Return the count of lines in the records that include the string "بغداد", and nothing besides it.

------ EXERCISE DATA

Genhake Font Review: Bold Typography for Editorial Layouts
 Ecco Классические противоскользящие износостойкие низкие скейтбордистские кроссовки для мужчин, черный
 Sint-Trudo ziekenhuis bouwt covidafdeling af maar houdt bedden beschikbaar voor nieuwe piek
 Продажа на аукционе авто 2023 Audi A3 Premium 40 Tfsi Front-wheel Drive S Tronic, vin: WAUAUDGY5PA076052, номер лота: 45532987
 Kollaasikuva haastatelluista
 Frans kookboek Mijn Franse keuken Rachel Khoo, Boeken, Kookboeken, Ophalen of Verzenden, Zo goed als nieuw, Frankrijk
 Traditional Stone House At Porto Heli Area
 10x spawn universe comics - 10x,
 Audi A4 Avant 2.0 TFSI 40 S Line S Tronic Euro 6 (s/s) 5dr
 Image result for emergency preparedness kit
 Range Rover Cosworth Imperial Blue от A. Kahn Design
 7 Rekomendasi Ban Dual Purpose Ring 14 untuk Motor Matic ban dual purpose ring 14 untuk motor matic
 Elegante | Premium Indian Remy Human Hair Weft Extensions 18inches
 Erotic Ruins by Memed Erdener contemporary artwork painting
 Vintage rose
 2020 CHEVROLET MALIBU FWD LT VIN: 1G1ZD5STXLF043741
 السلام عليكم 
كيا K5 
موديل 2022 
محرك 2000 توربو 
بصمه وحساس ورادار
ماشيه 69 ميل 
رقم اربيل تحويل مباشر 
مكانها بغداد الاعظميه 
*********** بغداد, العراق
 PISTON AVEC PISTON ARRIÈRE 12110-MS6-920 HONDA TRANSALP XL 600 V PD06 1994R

------------

- **OUTPUT BELOW**
2